The Fourth Amendment to the U.S. Constitution guarantees against illegal search and seizure. Every person is protected under the Constitution, regardless of their immigration status.
Here is some general information for non-U.S. citizens on what to do if you interact with police or immigration agents. This is not, nor should it be intended as, legal advice.
In general, if you are casually approached by law enforcement in Tennessee you do not need to interact with the officer or answer any question, even if the officer identifies himself as a police officer. You do not need to even identify yourself, state what you are doing or where you are going. The only way you can be lawfully detained is if the officer has reasonable suspicion that you committed a criminal act.
If you are detained, stay calm, be polite, and do not interfere. Ask if you are free to leave, and if the officer says yes, walk away.
You always have the right to remain silent, and you do not have to discuss your immigration or citizenship status with police, immigration agents, or any other government official.

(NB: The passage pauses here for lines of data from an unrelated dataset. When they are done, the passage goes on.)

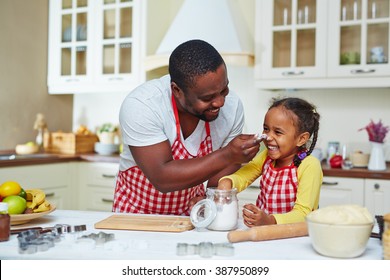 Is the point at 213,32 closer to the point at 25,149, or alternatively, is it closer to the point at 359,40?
the point at 359,40

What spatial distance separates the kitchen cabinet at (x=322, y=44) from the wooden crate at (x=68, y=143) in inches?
52.0

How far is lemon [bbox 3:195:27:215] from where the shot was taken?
1302 mm

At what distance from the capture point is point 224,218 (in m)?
1.23

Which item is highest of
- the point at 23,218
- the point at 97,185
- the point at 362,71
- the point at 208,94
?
the point at 362,71

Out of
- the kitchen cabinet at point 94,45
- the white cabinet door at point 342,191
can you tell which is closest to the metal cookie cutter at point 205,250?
the white cabinet door at point 342,191

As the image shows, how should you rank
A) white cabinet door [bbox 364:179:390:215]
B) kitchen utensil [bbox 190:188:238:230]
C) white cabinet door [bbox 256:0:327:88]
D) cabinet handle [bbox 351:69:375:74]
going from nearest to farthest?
kitchen utensil [bbox 190:188:238:230]
white cabinet door [bbox 364:179:390:215]
cabinet handle [bbox 351:69:375:74]
white cabinet door [bbox 256:0:327:88]

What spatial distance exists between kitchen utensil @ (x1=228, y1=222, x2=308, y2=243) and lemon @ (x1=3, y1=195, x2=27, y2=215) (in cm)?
57

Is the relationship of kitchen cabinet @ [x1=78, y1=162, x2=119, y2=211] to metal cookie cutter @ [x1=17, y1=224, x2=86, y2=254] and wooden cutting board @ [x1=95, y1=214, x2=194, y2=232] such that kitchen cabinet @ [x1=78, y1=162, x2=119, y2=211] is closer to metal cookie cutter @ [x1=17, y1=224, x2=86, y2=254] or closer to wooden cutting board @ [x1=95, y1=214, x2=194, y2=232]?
wooden cutting board @ [x1=95, y1=214, x2=194, y2=232]

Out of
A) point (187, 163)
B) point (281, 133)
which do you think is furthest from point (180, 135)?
point (281, 133)

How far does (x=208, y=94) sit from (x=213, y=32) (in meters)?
1.75

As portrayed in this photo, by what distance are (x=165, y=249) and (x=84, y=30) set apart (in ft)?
9.31

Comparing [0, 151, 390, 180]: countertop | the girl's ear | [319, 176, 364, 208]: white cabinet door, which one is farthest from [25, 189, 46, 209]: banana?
[319, 176, 364, 208]: white cabinet door

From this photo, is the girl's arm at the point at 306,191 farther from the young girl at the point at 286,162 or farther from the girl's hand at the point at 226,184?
the girl's hand at the point at 226,184

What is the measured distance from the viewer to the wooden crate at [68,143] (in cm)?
345
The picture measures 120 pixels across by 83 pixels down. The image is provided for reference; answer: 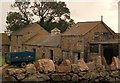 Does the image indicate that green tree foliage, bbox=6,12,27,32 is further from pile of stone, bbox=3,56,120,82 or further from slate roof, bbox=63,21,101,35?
pile of stone, bbox=3,56,120,82

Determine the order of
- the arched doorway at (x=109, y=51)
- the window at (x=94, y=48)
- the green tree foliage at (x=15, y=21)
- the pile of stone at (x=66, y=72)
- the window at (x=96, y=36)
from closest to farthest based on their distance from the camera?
the pile of stone at (x=66, y=72)
the arched doorway at (x=109, y=51)
the window at (x=94, y=48)
the window at (x=96, y=36)
the green tree foliage at (x=15, y=21)

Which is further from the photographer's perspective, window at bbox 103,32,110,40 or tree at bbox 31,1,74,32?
tree at bbox 31,1,74,32

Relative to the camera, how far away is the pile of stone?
1200 inches

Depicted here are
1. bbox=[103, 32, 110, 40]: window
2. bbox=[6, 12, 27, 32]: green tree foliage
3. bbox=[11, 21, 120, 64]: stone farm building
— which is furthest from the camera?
bbox=[6, 12, 27, 32]: green tree foliage

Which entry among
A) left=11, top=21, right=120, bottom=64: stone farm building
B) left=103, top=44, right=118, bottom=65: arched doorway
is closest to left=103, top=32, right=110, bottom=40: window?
left=11, top=21, right=120, bottom=64: stone farm building

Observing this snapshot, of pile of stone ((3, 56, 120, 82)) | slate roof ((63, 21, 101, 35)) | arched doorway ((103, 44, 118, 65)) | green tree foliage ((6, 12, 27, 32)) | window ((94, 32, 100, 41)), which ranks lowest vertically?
pile of stone ((3, 56, 120, 82))

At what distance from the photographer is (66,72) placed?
31609 millimetres

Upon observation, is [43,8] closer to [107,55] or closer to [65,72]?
[107,55]

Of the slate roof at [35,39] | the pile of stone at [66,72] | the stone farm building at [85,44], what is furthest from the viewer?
the slate roof at [35,39]

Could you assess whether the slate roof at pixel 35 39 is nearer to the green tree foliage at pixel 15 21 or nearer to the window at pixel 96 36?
the green tree foliage at pixel 15 21

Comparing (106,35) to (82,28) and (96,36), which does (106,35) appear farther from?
(82,28)

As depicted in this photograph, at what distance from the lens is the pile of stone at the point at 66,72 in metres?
30.5

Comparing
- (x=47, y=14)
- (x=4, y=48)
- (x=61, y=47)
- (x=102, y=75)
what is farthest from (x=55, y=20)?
(x=102, y=75)

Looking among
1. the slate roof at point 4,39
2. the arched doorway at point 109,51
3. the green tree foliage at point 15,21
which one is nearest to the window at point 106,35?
the arched doorway at point 109,51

You do not have to answer questions about where you were born, whether you are a U.S. citizen, or how you entered the country (separate rules apply at borders, and for certain nonimmigrant visas, when encountering immigration agents).
If an immigration agent requests your immigration papers, you must show them if you have them with you. If you do not have immigration papers, say you want to remain silent. Do not lie or provide fake documents.

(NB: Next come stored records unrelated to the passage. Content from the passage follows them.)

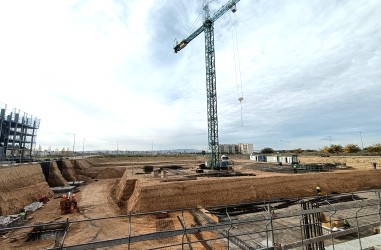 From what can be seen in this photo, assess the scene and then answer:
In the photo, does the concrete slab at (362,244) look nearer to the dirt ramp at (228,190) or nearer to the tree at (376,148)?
the dirt ramp at (228,190)

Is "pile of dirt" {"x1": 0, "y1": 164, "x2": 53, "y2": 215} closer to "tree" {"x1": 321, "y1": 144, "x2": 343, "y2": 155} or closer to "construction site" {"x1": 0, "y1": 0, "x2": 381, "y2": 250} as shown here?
"construction site" {"x1": 0, "y1": 0, "x2": 381, "y2": 250}

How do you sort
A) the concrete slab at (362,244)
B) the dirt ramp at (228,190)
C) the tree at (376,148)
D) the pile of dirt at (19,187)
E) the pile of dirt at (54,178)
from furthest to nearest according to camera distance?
the tree at (376,148)
the pile of dirt at (54,178)
the pile of dirt at (19,187)
the dirt ramp at (228,190)
the concrete slab at (362,244)

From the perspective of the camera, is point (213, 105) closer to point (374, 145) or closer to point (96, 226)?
point (96, 226)

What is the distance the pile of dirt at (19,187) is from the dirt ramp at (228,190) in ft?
44.4

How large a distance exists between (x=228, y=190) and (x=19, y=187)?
91.8 feet

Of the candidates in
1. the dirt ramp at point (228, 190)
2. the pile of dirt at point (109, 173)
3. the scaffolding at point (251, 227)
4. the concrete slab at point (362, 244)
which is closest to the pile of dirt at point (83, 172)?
the pile of dirt at point (109, 173)

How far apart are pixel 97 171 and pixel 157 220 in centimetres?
4536

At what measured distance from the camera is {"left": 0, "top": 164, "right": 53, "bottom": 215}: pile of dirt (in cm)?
2694

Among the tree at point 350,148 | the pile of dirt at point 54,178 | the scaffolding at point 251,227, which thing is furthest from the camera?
the tree at point 350,148

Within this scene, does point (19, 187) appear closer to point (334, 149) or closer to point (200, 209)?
point (200, 209)

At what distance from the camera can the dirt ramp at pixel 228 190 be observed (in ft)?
85.7

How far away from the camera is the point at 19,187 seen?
30.8m

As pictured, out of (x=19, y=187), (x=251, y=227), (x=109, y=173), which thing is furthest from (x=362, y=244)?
(x=109, y=173)

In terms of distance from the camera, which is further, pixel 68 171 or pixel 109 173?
pixel 109 173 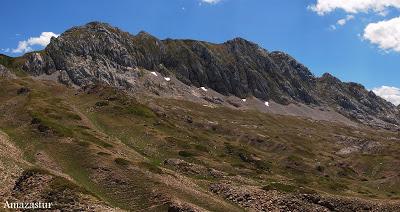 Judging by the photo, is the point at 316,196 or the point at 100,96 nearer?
the point at 316,196

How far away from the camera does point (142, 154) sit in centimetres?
9250

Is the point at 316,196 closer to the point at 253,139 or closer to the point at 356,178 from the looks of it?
the point at 356,178

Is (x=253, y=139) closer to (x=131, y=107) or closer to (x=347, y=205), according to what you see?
(x=131, y=107)

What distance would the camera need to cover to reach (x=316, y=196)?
67000 mm

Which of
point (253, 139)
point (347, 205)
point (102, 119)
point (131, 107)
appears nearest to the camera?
point (347, 205)

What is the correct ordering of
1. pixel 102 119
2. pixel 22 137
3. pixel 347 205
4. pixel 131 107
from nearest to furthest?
pixel 347 205 < pixel 22 137 < pixel 102 119 < pixel 131 107

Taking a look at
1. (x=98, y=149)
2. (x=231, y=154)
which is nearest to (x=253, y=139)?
(x=231, y=154)

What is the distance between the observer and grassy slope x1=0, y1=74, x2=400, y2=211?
6206 cm

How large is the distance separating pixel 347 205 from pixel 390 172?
308 ft

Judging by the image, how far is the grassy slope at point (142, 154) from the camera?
62062 mm

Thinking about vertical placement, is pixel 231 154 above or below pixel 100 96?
below

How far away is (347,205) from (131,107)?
8575cm

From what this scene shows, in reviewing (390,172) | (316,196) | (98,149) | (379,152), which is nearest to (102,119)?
(98,149)

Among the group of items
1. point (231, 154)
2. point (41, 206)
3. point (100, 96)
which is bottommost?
point (41, 206) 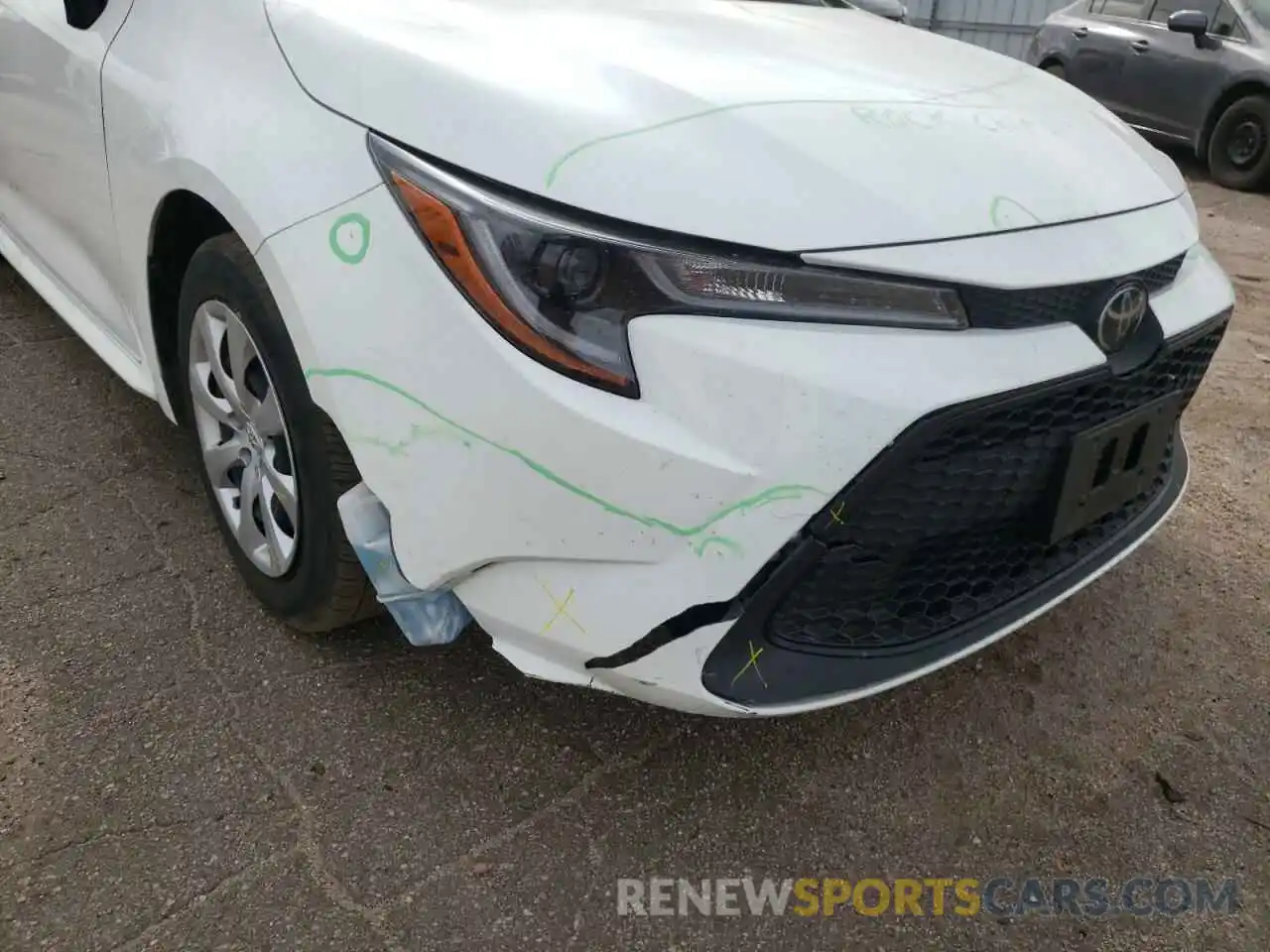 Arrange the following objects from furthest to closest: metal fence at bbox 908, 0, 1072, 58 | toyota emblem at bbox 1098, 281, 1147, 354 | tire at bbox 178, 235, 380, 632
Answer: metal fence at bbox 908, 0, 1072, 58
tire at bbox 178, 235, 380, 632
toyota emblem at bbox 1098, 281, 1147, 354

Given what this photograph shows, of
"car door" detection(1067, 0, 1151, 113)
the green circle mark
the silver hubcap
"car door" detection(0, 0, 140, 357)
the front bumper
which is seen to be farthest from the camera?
"car door" detection(1067, 0, 1151, 113)

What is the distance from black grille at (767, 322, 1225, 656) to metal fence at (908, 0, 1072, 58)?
9.99 m

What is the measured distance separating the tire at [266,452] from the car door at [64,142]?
1.45 feet

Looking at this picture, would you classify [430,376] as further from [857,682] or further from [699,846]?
[699,846]

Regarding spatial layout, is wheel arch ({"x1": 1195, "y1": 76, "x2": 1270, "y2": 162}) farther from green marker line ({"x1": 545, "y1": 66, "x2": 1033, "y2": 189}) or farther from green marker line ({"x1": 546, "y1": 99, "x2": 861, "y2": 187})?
green marker line ({"x1": 546, "y1": 99, "x2": 861, "y2": 187})

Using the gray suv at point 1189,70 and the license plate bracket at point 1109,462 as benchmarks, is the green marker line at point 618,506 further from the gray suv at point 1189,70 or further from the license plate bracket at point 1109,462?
the gray suv at point 1189,70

You have the right to refuse consent to a search. Government officials may only gain entry to your home with your consent or with a warrant (barring exigent circumstances). A search warrant allows police to enter the address and search the areas listed on the warrant for the items listed on the warrant. An arrest warrant allows police to enter the address if they believe the person listed on the warrant is inside.
An ICE warrant of removal/deportation does not allow officers to enter a home without consent. Officers can attempt to persuade individuals to allow them entry, threaten them with prosecution, or even lie, but they cannot enter without permission.
If you are taken into custody by police, don't discuss your immigration status with anyone but your lawyer. While you are detained, an immigration agent may visit you. Don't answer any questions or sign anything without a lawyer present.You have the right to make a phone call. The police cannot listen if you call your lawyer.
If you are placed into ICE custody, do not sign anything. If you sign, you may be giving up your opportunity to try and stay in the U.S. Read everything completely, and if you do not understand or cannot read the papers, tell the officer you need an interpreter. Memorize your "A Number." It will help family members locate you.